I would try doing roughly like this:
Put your OVERLAPPED and the 4k receive buffer into one, like this:
struct recv_buf { OVERLAPPED overlapped; char data[4096]; };
Fire up a couple of threads (like, 5 or 10), and have them do an infinite loop around GetQueuedCompletionStatus, returning when some "special message" is posted to the completion port. The completion port will do the smart one-thread-per-core management for you, as per the documentation.
For each OVL_ACCEPT seen, pull one such recv_buf from an allocator (or list, or whatever). You have accepted a connection, so you want to receive.

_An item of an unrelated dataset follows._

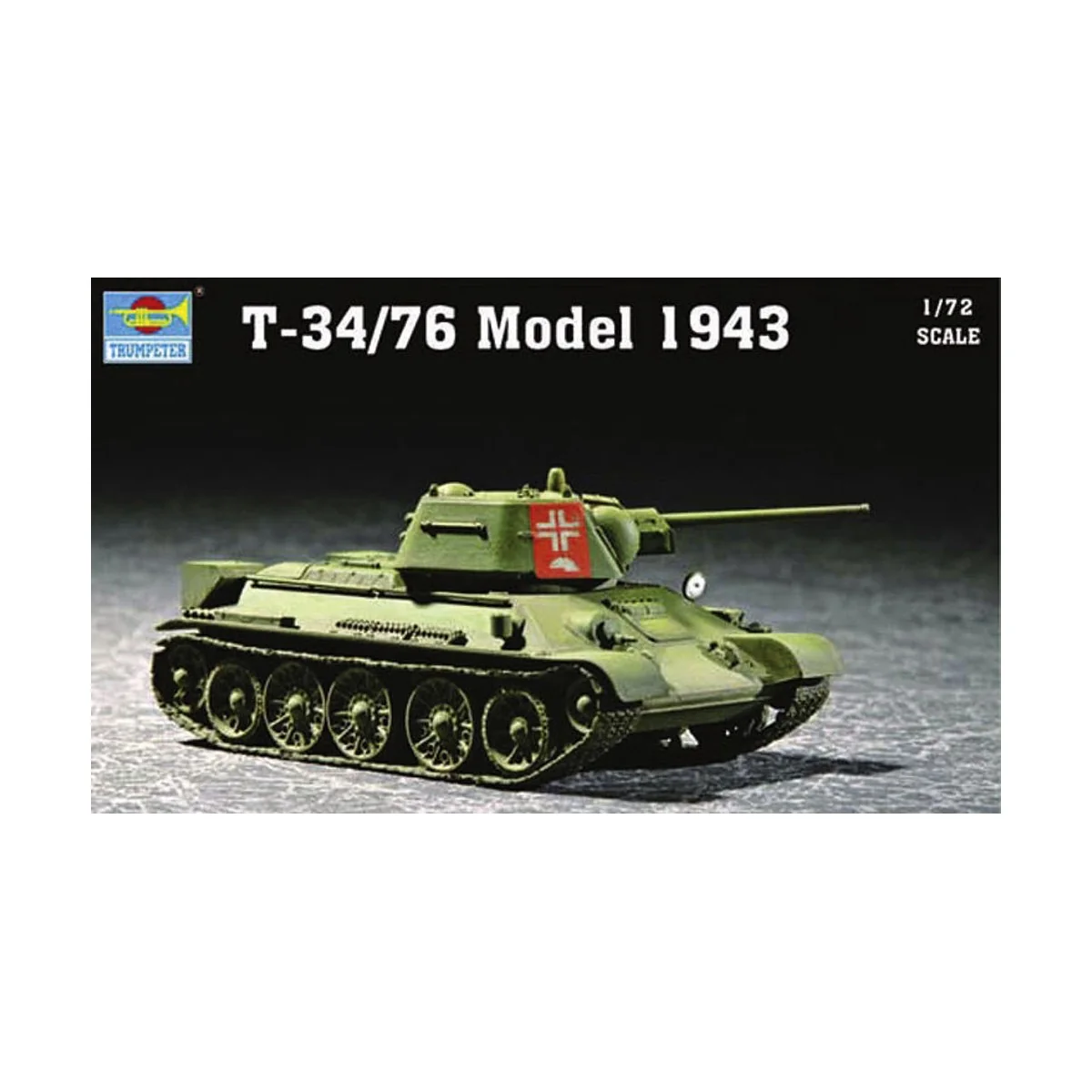 Soviet T-34/76 Model 1943, 1/72 - Trumpeter 07208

WSARecv into that structure, using &buf.data, sizeof(buf.data), and &buf.overlapped.
For each OVL_RECV seen, you get back an OVERLAPPED* from GetQueuedCompletionStatus, which is, as you know, really a pointer to a recv_buf (you were not 100% truthful when you told Windows that this was an OVERLAPPED, but you were truthful enough!). So you know where to find the received data, and you know that this buffer is used by you and only you. Nobody else could have gotten back this pointer at this time, so there is no need to lock anything, no need to do any memory management, or anything else. The structure was put into the IOCP's queue exactly once, and now it's no longer in there, you have it.
Process the buffer, and then WSARecv again using that same recv_buf structure. You still know for sure that nobody else could possibly be using it, so that's fine.
When a socket is closed, return the recv_buf to your allocator (or push it back to a list, or whatever). Someone else will eventually pull and reuse it.
Repeat forever.
When the server should exit, PostQueuedCompletionStatus your "special message" (for example code = 0, length = 0, handle = 0) and WaitForMultipleObjects(thread_handle_array, TRUE, INFINITE). Each thread receiving that message from the IOCP re-posts it (so all threads eventually get to see it) and then simply returns from the thread function.
The only thing that needs to be explicitly threadsafe is the allocator (list, whatever) from which you pull your recv_bufs, everything else is made threadsafe automatically by how the completion port works.
what about sending multiple packets ?